It is also for this reason that we expect China to maintain the upper hand as we begin the new year. Although the trade war has been tit-for-tat, that does not mean that ground has not been gained or lost in the process, and China has continually come out ahead. For instance, what began as the US government’s firm resolve to prevent China from accessing advanced semiconductor technology, especially in the form of Nvidia’s H200 chips, ultimately came to nothing by year’s end with those exact chips becoming permitted for export. To add insult to injury, China then decided it no longer wanted them, as it had, in the interim, developed sufficient (although not equivalent) domestic replacements via the herculean efforts of companies like Huawei. It is becoming increasingly clear that China’s rare earths defeat the US’s advanced tech in the current trade war, as China can innovate domestically during a stalemate in trade relations, but the US cannot produce without the necessary raw materials.

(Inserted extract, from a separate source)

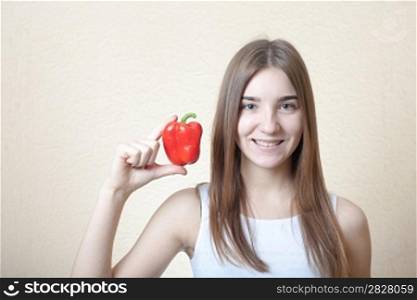 beautiful girl with red sweet pepper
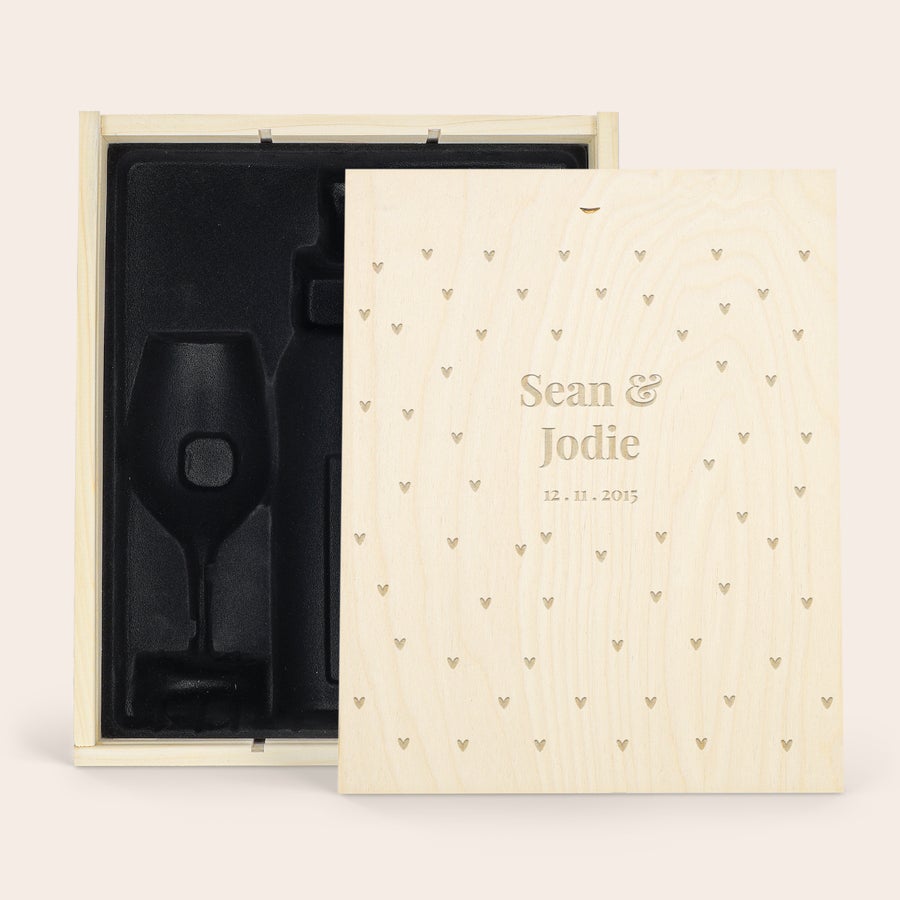 Személyre szabott fa tok Egy deluxe fa táska személyre szabott gravírozással, szív mintával, "Sean & Jodie 12.11.2015" szöveggel, egy üveg és 2 borospohár számára kialakított bársony belsővel.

Given this dynamic, US companies need to prepare for increased volatility in 2026. In a world where US tariffs are ruled unconstitutional, the current trade environment will be upended overnight. In its place, we would likely see a more piecemeal suite of laws and regulations, only this time involving Congress. If the current tariffs remain in place, the present jockeying for advantage in the US-China trade war will mean unpredictable if temporary spikes and reprieves, making over-allocating funds for projected annual operating costs essential to ensuring a balanced budget. To help mitigate these effects, US companies should continue to diversify and friend-shore supply chains wherever possible.
Tech Futures
China’s tech sector prepares for sustained pressure
China is entering 2026 with a technology strategy designed less for rapid headline breakthroughs and more for endurance under sustained geopolitical pressure, signaling a shift toward long-horizon competition with the United States rather than short-term convergence.
Analysis
The events of 2025, most notably the emergence of the DeepSeek AI model, reshaped Beijing’s assessment of constraint. Instead of treating export controls as a temporary obstacle, Chinese policymakers appear to have internalized them as a permanent feature of the operating environment. Competitive AI performance derived from software efficiency and system-level optimization reduced dependence on advanced hardware. This, in turn, exposed the limits of access denial as a sole mechanism for constraining frontier capability, shaping Beijing’s more confident posture heading into 2026.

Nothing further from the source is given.